Après la démocratie (2008)

 

Début 2012, il a publié deux livres plus difficiles :

Emmanuel Todd est connu du grand public, traitant Sarkozy de « machin » sous les regards interloqués de Jacques Attali et de Frédéric Tadéï[1]. Une revue qui titre sobrement La Revue le traite de « trublion » dans son numéro de novembre. Frédéric Ferney qui l’interroge lui demande d’exposer ces modèles familiaux. Il expose la famille souche, « un système à héritier unique, qui repose sur l’autorité du père et l’inégalité entre les frères. Et qui favorise des idéologies plutôt autoritaires et ethnocentriques. »

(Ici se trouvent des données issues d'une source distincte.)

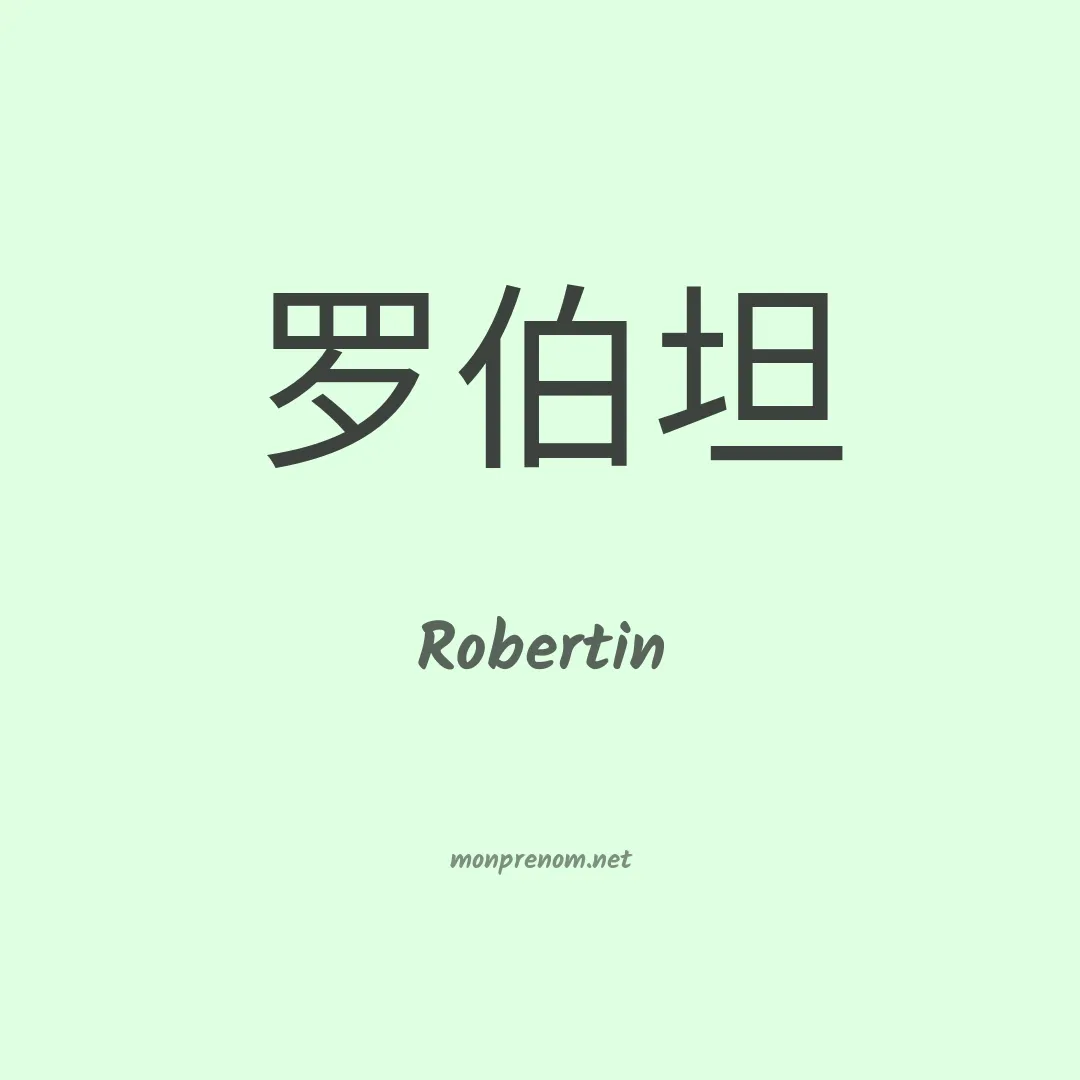 Robertin en chinois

A la fin de l’entretien, on lui rappelle qu’il est le petit-fils de Paul Nizan et il répond :

« Il y a tant de sujets sur lesquels je n’ai pas de compétences particulières ; je lis peu de romans, dont beaucoup d’Hercule Poirot et d’Arsène Lupin, je vais peu au cinéma, je me contente des DVD de James Bond, de Louis de Funès ou des Bronzés. De toute façon, je ne supporte que les films qui se terminent bien. »

Tout Emmanuel Todd est dans ce grand écart.

Il a le sens de la formule. Mais la radicalité de sa pensée et de certaines de ces formules ne le conduisent pas à rejoindre « la gauche de la gauche ». Il le disait déjà à Marianne en mars 2011 :

« Je suis considéré comme un intellectuel critique radical du système. Mais je ne suis pas intéressé par les propositions irréalistes protestataires de la gauche de la gauche, et je ne crois pas une minute à la possibilité pour le Front national d’arriver au pouvoir en France[2]. Je pense tout à fait que la France doit continuer à être gérée par une alternance entre les grands partis décents de la droite et de la gauche. Je ne suis pas partisan d’une destruction ou d’un rejet des élites. »

http://www.marianne.net/E-Todd-Face-au-FN-il-faut-rompre-avec-deux-concepts-zombies-le-libre-echange-et-l-euro_a204202.html

 

De la gauche de gouvernement et du gouvernement de la gauche

Son sens de la formule et de la provocation l’a conduit à risquer un véritable oxymore en mars 2012 dans le Nouvel Observateur : « l’hollandisme révolutionnaire ».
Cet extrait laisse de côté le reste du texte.